(Image-text web data)
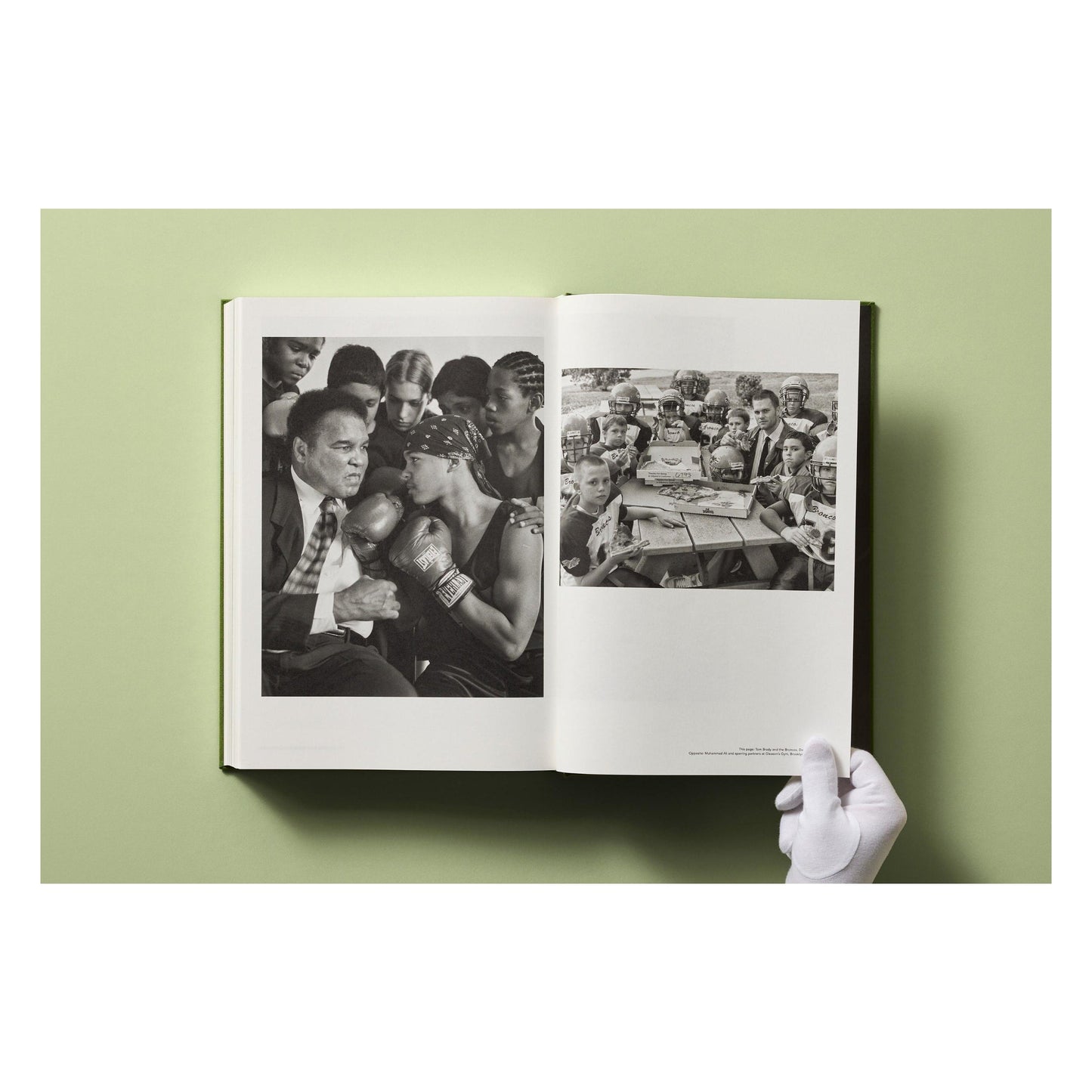 Bruce Weber. My Education (German, French, English) Book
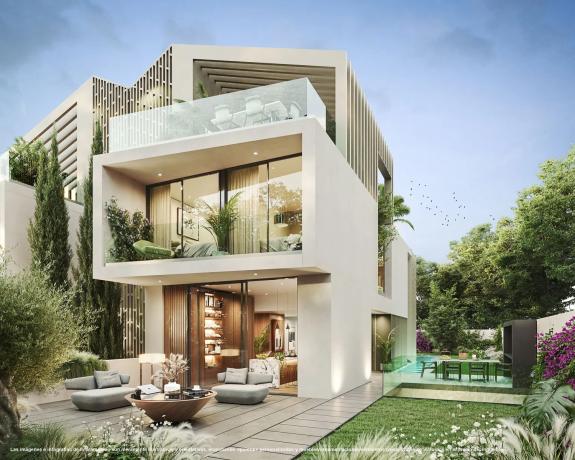 Chalet pareado en venta en calle Astun, 30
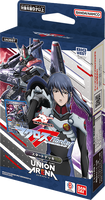 Union Arena TCG - [UA36ST] Macross Frontier Starter Deck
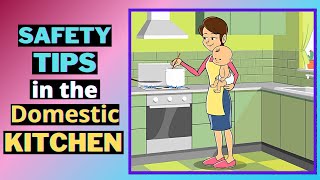 Kitchen Safety Tips: 10 Kitchen Cooking Safety Do's and Don'ts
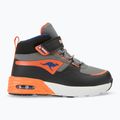 Kinderschuhe KangaROOS K-XI Creed Mid EV anthrazit / flame 2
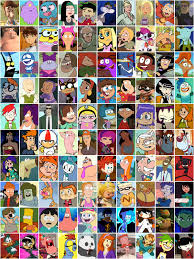 A collection of the top 47 cartoon collage wallpapers and backgrounds available for download for free. Favorite Cartoon Characters Collage By Minecraftman1000 On Deviantart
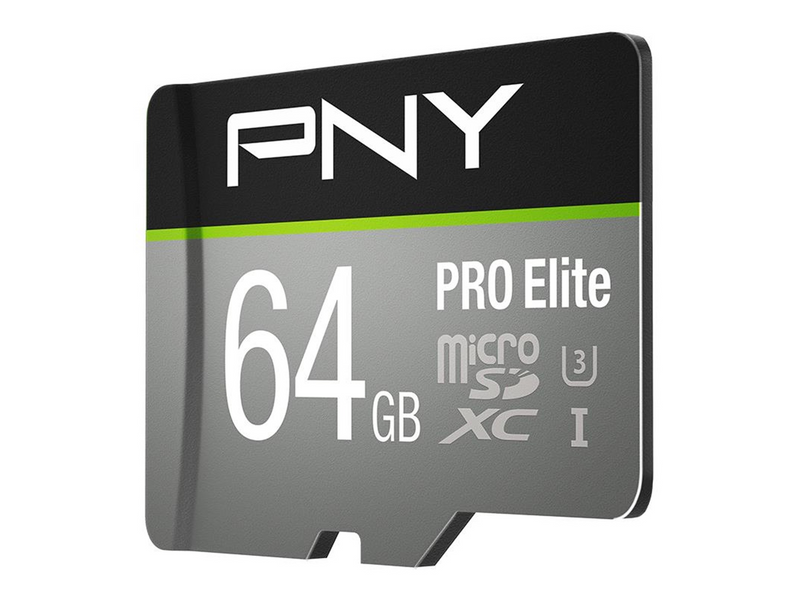 PNY PRO Elite - 100MB/s - 64GB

What the exercise asks: Only the lines from the one containing "A collection of" through the end of the data above are to be output, exactly and without pictures.

Answer to this problem:
 A collection of the top 47 cartoon collage wallpapers and backgrounds available for download for free. Favorite Cartoon Characters Collage By Minecraftman1000 On Deviantart
 PNY PRO Elite - 100MB/s - 64GB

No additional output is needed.